Dataset entries:

════════

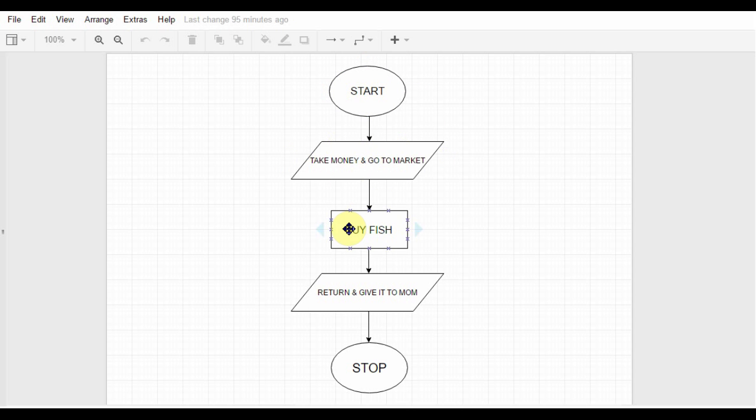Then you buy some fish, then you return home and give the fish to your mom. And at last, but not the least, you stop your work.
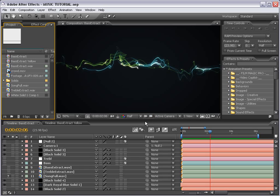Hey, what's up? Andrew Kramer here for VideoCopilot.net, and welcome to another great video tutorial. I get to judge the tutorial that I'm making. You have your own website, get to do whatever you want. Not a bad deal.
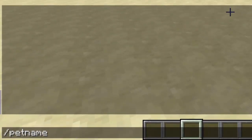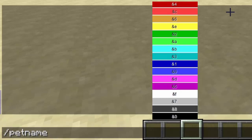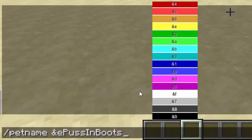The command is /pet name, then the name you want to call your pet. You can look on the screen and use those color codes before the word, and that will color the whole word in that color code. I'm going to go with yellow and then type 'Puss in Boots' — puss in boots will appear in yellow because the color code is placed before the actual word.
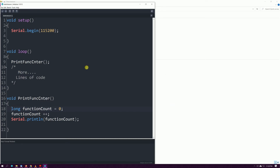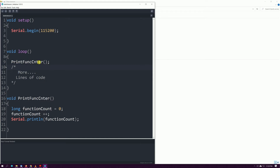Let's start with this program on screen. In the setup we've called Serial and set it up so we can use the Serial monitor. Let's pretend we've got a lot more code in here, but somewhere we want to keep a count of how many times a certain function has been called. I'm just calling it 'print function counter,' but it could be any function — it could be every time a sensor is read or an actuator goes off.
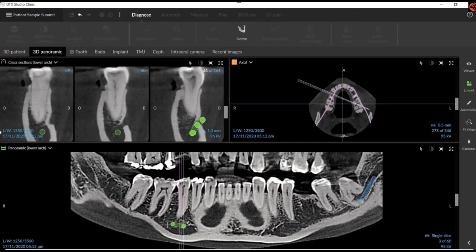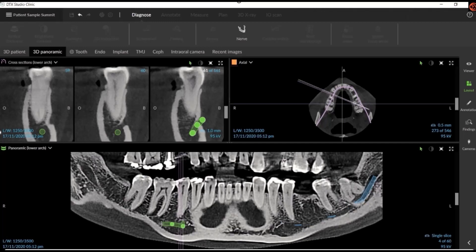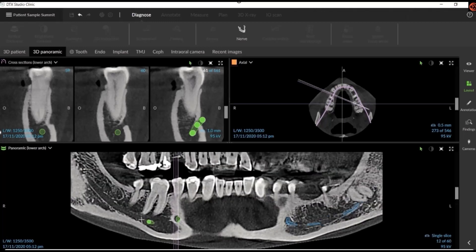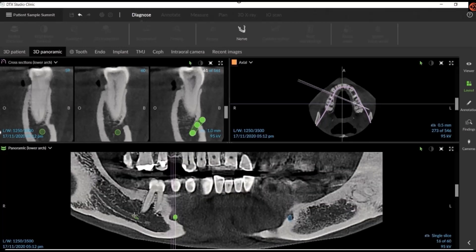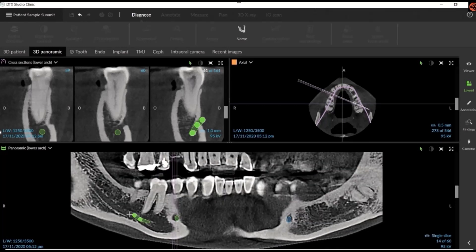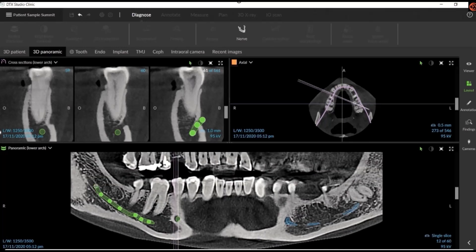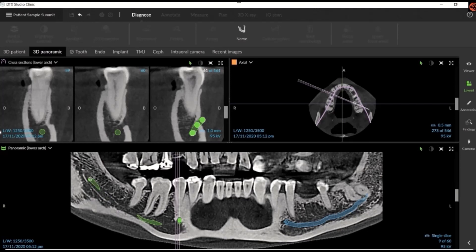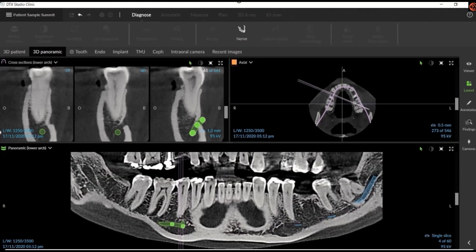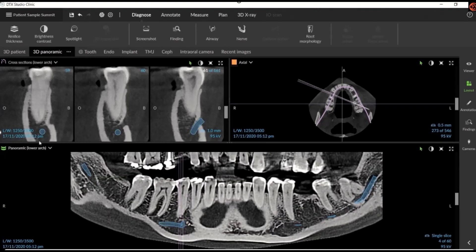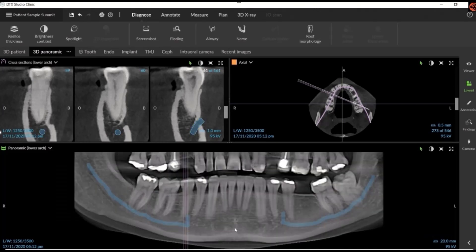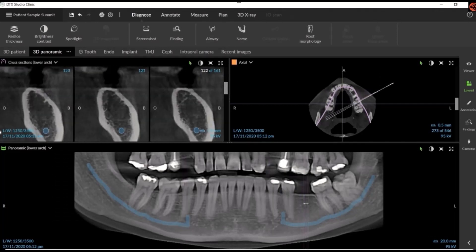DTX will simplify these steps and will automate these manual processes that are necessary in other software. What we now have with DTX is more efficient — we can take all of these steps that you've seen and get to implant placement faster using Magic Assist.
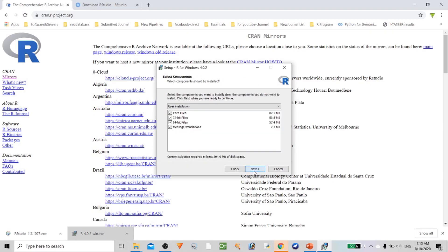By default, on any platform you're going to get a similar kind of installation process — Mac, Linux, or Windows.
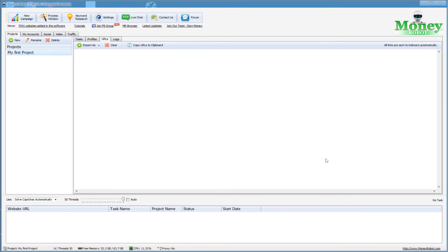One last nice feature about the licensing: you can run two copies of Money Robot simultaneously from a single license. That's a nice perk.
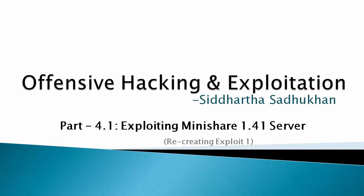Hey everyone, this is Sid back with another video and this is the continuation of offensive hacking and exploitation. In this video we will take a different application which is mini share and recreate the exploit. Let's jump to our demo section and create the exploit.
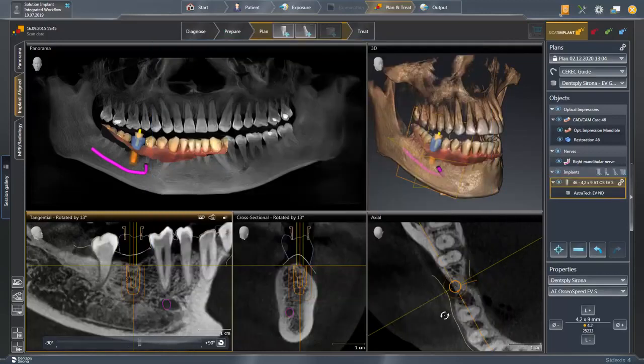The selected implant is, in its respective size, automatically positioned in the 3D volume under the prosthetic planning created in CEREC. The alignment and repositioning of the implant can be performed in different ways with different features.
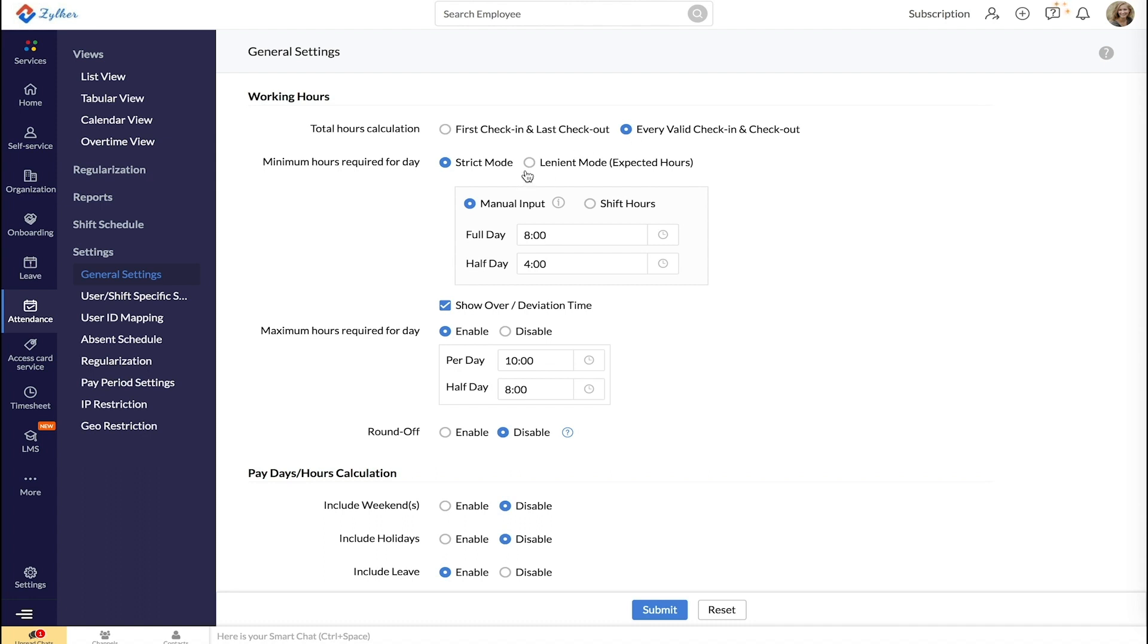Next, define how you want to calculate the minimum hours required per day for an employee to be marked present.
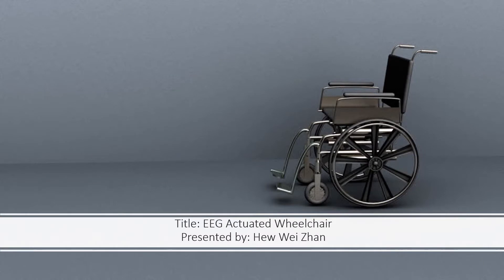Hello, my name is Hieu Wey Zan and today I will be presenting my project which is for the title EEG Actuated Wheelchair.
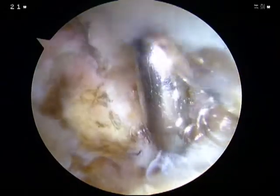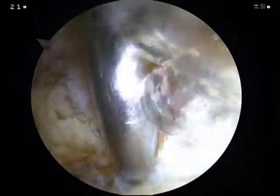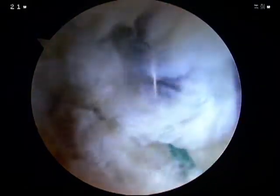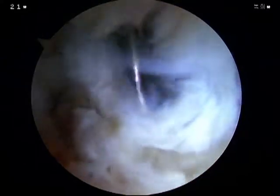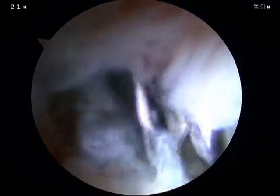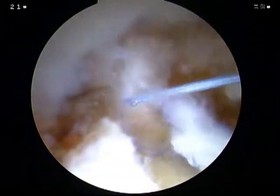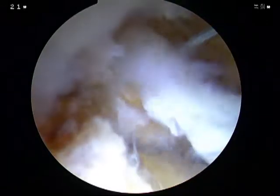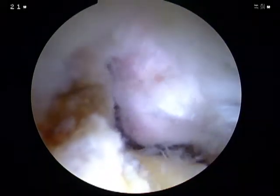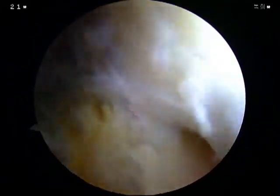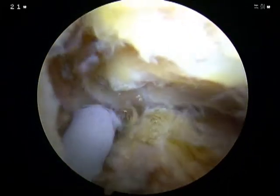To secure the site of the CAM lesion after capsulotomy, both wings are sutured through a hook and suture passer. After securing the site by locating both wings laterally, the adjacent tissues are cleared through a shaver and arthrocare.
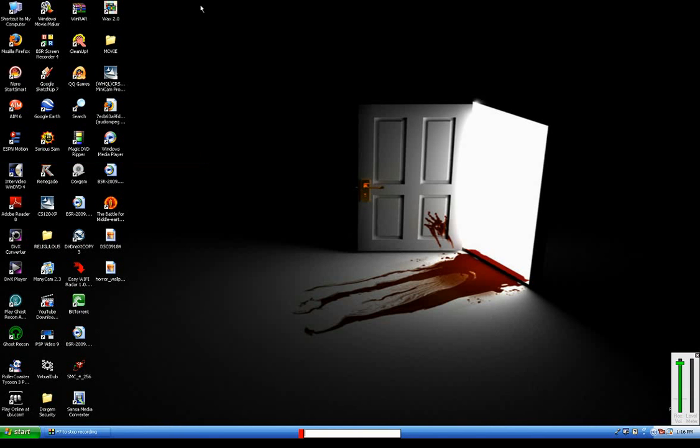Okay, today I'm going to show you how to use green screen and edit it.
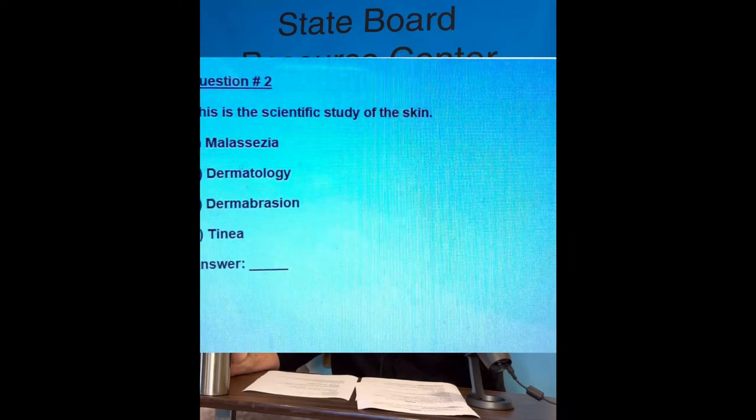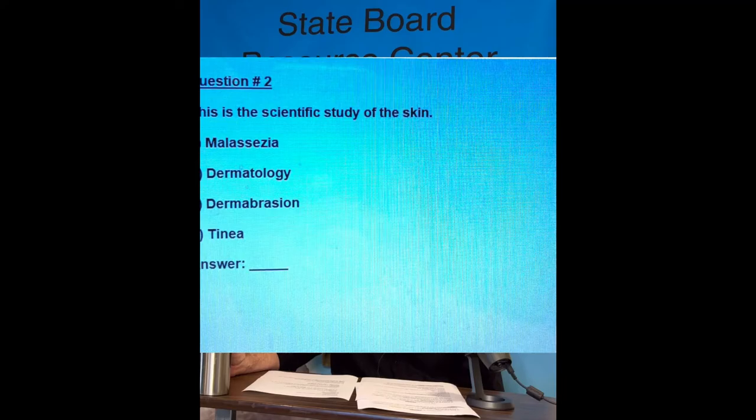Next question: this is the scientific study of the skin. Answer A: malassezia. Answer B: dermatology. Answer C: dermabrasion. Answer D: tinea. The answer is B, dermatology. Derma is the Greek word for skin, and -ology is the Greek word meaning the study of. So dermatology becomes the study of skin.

════════

What you should do:
Transcribe all records verbatim, no pictures.

Solution to this problem:
Then you buy some fish, then you return home and give the fish to your mom. And at last, but not the least, you stop your work.
Hey, what's up? Andrew Kramer here for VideoCopilot.net, and welcome to another great video tutorial. I get to judge the tutorial that I'm making. You have your own website, get to do whatever you want. Not a bad deal.
The command is /pet name, then the name you want to call your pet. You can look on the screen and use those color codes before the word, and that will color the whole word in that color code. I'm going to go with yellow and then type 'Puss in Boots' — puss in boots will appear in yellow because the color code is placed before the actual word.
Let's start with this program on screen. In the setup we've called Serial and set it up so we can use the Serial monitor. Let's pretend we've got a lot more code in here, but somewhere we want to keep a count of how many times a certain function has been called. I'm just calling it 'print function counter,' but it could be any function — it could be every time a sensor is read or an actuator goes off.
DTX will simplify these steps and will automate these manual processes that are necessary in other software. What we now have with DTX is more efficient — we can take all of these steps that you've seen and get to implant placement faster using Magic Assist.
By default, on any platform you're going to get a similar kind of installation process — Mac, Linux, or Windows.
One last nice feature about the licensing: you can run two copies of Money Robot simultaneously from a single license. That's a nice perk.
Hey everyone, this is Sid back with another video and this is the continuation of offensive hacking and exploitation. In this video we will take a different application which is mini share and recreate the exploit. Let's jump to our demo section and create the exploit.
The selected implant is, in its respective size, automatically positioned in the 3D volume under the prosthetic planning created in CEREC. The alignment and repositioning of the implant can be performed in different ways with different features.
Next, define how you want to calculate the minimum hours required per day for an employee to be marked present.
Hello, my name is Hieu Wey Zan and today I will be presenting my project which is for the title EEG Actuated Wheelchair.
To secure the site of the CAM lesion after capsulotomy, both wings are sutured through a hook and suture passer. After securing the site by locating both wings laterally, the adjacent tissues are cleared through a shaver and arthrocare.
Okay, today I'm going to show you how to use green screen and edit it.
Next question: this is the scientific study of the skin. Answer A: malassezia. Answer B: dermatology. Answer C: dermabrasion. Answer D: tinea. The answer is B, dermatology. Derma is the Greek word for skin, and -ology is the Greek word meaning the study of. So dermatology becomes the study of skin.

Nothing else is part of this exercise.